ASSIGNED TASK: In the entries below, the lines from the one with "Precision medicine concepts" through the one with "Testiera a LED-Testata" are to be copied exactly; both ends count.

DATA UNDER STUDY:
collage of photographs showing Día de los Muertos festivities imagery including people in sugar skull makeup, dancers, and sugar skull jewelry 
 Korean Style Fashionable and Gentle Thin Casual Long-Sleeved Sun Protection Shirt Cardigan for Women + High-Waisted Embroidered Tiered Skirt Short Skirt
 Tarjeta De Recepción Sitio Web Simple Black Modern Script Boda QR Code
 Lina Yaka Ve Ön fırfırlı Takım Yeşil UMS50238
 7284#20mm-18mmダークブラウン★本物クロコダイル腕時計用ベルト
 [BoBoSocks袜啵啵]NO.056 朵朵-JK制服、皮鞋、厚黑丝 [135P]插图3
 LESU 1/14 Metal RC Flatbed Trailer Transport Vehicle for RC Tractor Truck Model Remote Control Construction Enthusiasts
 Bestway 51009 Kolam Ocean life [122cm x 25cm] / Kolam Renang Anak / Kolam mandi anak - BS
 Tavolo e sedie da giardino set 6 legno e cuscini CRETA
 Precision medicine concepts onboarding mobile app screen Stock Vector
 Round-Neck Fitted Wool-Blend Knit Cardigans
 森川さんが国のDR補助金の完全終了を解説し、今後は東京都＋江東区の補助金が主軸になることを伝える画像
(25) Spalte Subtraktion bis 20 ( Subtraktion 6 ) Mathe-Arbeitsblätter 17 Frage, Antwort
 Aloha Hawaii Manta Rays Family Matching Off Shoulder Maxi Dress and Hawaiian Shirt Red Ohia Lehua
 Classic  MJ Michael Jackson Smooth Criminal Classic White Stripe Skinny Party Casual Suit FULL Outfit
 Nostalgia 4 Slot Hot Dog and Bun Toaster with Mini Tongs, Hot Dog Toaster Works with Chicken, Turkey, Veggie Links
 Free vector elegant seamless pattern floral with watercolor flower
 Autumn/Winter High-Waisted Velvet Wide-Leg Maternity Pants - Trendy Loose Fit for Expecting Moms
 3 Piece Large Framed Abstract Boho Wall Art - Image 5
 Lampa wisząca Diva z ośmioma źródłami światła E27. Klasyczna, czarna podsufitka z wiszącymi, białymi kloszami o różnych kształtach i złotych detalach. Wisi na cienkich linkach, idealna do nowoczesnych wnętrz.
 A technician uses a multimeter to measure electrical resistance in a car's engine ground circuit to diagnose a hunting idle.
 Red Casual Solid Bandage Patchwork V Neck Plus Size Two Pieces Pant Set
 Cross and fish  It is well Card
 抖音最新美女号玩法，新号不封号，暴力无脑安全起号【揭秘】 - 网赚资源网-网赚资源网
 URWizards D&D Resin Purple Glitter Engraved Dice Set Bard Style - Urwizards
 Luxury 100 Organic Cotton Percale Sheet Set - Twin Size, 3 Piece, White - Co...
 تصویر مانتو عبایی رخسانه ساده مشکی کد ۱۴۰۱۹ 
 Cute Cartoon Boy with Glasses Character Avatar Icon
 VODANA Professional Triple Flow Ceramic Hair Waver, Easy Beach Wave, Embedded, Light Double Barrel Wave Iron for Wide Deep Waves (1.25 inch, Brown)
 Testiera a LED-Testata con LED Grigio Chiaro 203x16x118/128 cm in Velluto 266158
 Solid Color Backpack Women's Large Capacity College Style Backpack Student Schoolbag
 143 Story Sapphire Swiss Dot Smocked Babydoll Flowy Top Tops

RESPONSE AREA:
 Precision medicine concepts onboarding mobile app screen Stock Vector
 Round-Neck Fitted Wool-Blend Knit Cardigans
 森川さんが国のDR補助金の完全終了を解説し、今後は東京都＋江東区の補助金が主軸になることを伝える画像
(25) Spalte Subtraktion bis 20 ( Subtraktion 6 ) Mathe-Arbeitsblätter 17 Frage, Antwort
 Aloha Hawaii Manta Rays Family Matching Off Shoulder Maxi Dress and Hawaiian Shirt Red Ohia Lehua
 Classic  MJ Michael Jackson Smooth Criminal Classic White Stripe Skinny Party Casual Suit FULL Outfit
 Nostalgia 4 Slot Hot Dog and Bun Toaster with Mini Tongs, Hot Dog Toaster Works with Chicken, Turkey, Veggie Links
 Free vector elegant seamless pattern floral with watercolor flower
 Autumn/Winter High-Waisted Velvet Wide-Leg Maternity Pants - Trendy Loose Fit for Expecting Moms
 3 Piece Large Framed Abstract Boho Wall Art - Image 5
 Lampa wisząca Diva z ośmioma źródłami światła E27. Klasyczna, czarna podsufitka z wiszącymi, białymi kloszami o różnych kształtach i złotych detalach. Wisi na cienkich linkach, idealna do nowoczesnych wnętrz.
 A technician uses a multimeter to measure electrical resistance in a car's engine ground circuit to diagnose a hunting idle.
 Red Casual Solid Bandage Patchwork V Neck Plus Size Two Pieces Pant Set
 Cross and fish  It is well Card
 抖音最新美女号玩法，新号不封号，暴力无脑安全起号【揭秘】 - 网赚资源网-网赚资源网
 URWizards D&D Resin Purple Glitter Engraved Dice Set Bard Style - Urwizards
 Luxury 100 Organic Cotton Percale Sheet Set - Twin Size, 3 Piece, White - Co...
 تصویر مانتو عبایی رخسانه ساده مشکی کد ۱۴۰۱۹ 
 Cute Cartoon Boy with Glasses Character Avatar Icon
 VODANA Professional Triple Flow Ceramic Hair Waver, Easy Beach Wave, Embedded, Light Double Barrel Wave Iron for Wide Deep Waves (1.25 inch, Brown)
 Testiera a LED-Testata con LED Grigio Chiaro 203x16x118/128 cm in Velluto 266158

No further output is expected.